Swedish truckmaker Scania said Tuesday it had appealed against an 880 million euro ($1.03 billion) fine imposed by the European Commission for alleged price-fixing and attempts to dodge costs for stricter pollution rules.
Scania, owned by German auto giant Volkswagen, was the only holdout in the European Union's massive cartel case in which five other truck builders admitted to wrongdoing and jointly received a record fine of three billion euros.
‘Scania has not entered into any pan-European agreement with other manufacturers with regard to pricing. Also, the company has not delayed the introduction of new engines compliant with EU legislation for exhaust emissions,’ the company said in a statement.

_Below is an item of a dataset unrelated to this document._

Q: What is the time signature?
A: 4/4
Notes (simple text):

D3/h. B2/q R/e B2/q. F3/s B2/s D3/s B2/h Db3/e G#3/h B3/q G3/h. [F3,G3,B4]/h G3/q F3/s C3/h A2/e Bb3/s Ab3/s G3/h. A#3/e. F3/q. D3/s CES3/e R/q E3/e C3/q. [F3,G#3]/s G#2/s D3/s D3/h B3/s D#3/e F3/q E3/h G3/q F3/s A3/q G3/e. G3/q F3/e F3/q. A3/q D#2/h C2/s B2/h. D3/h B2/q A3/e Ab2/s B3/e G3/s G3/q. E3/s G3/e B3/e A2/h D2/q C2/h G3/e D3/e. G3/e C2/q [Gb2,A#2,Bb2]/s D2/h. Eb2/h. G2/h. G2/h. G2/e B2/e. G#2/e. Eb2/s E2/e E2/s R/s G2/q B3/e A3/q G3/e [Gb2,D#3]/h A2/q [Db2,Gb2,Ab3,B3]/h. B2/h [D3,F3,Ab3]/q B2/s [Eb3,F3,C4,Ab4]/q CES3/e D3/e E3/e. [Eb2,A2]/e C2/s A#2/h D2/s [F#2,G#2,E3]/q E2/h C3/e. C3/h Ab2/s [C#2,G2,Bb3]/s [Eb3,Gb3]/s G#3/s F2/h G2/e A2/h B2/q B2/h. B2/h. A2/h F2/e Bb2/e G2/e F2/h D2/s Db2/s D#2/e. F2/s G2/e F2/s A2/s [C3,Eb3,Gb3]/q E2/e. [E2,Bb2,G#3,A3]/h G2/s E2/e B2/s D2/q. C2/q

‘Scania has been cooperating fully with the European Commission by providing it with requested information and explanations throughout the entire investigation period,’ it added.
Daimler, DAF, Iveco, MAN and Volvo/Renault were hit with fines in July 2016. Along with Scania, they account for nine out of every 10 trucks sold in Europe.
The total penalty inflicted by Brussels against the truckmakers, including Scania, hit 3.8 billion euros, according to the European Commission, the EU's antitrust regulator.
Senior managers from Daimler, DAF, Iveco, MAN and Volvo/Renault hatched the plan at a secret meeting in a ‘cosy’ Brussels hotel, the commission said.
Germany's MAN tipped off the European Commission about the collusion at the highest level, triggering an investigation that began with raids on large truck manufacturers in 2011.
The charge sheet includes accusations of price-fixing, but also alleges the existence of a secret agreement by the companies to delay and then pass on the costs of anti-pollution technology to consumers.